Here’s my review on Urwerk 210. Indies are a popular topic here but while people likes to talk about them, seldom do people actually buy them, especially they are usually priced even higher the main stream brands.
I do also have concerns (like everyone) with the ability of them staying in the business say 5, 10 years down the line but in the end I have decided it’s not really a big deal.
Originally I was comparing between MBF LM2, HYT H2, 4N, Urwerk, and a couple of others, and while there are obviously pros and cons for each one, in the end I have decided to go with Urwerk mainly because one of my favourite watch of all time is the HW Opus V, and the 210 is very close to it and in a more sporty disguise.
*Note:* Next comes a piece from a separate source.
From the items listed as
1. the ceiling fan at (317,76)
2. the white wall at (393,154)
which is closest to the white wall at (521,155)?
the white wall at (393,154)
Case: 210 comes in steel, rose gold, and two models with steel with AlTin coating (210 AlTin and 210Y). I picked 210Y because I wanted a black watch (though it’s more greyish) that’s also very scratch resistant. AlTin is a coating developed for industrial proposes, it is used mainly used for drilling tools to prolong their life. But perhaps it’s an expensive process in Switzerland because there’s only minimal price difference between AlTin coated steel and the rose gold model. The case itself is more tall than wide, and thick too, since it has to house the satellite complication, and it has some sharp edges as well, unusual for a watch case.
Strap and buckle: Usually 210Y comes with nylon strap, but for some reason mine came with alligator strap. The buckle is tang buckle (also AlTin coated), but a deployment buckle can be special ordered, didn’t ask how much though, but I am sure not cheap (nothing is cheap when it comes to Indies)!
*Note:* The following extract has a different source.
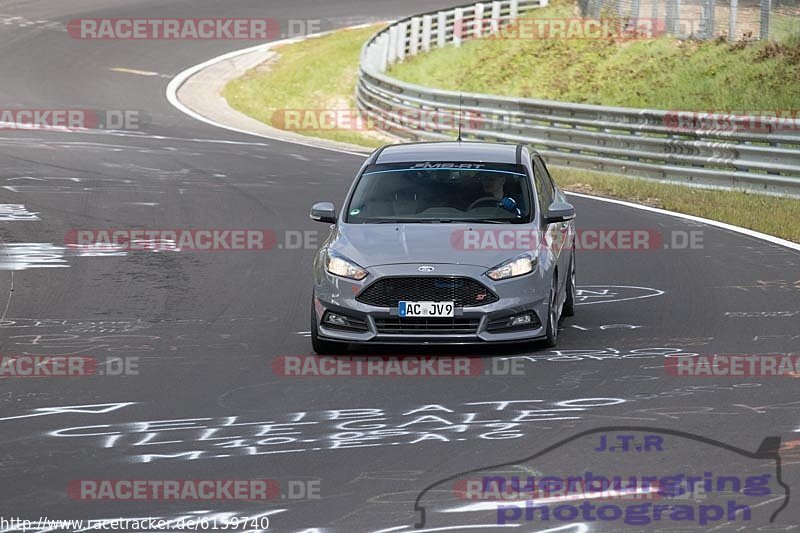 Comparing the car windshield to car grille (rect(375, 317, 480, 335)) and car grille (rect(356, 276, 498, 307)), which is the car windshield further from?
car grille (rect(375, 317, 480, 335))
Movement complications: Instead of say, a tourbillon, Urwerk’s complication is the satellite movement. 210’s base movement came from Sowind (so probably a GP movement), Urwerk then design and build the satellite complication on top of it. 210 has a retrograde minute hand which I think is a very important function, for me at least. Urwerk 202 has what I considered a “slow” movement. It doesn’t have a second hand, no tourbillon to gaze at, and no chrono to play with, so essentially every time you look down, nothing is moving. On the 210, one can look forward to the giant minute hand cage every hour when it jumps back.
210 also has a power efficiency indicator, which tells your movement for the last two hour, that whether you have been winding the rotor efficiently. The function works, same with the turbine control in the back of the watch. But I usually keep it at “full” because I find “reduced” is only suitable when I pretty much have to be active all day.
Movement Finish (as far as I can see): 210 is not finished in the classic sense as in lots of anglage, cote de geneve, and whatnot. What it has is modern CNC machine work and stamping parts. I can’t really say its better or worse than traditional watchmaking, it is just different.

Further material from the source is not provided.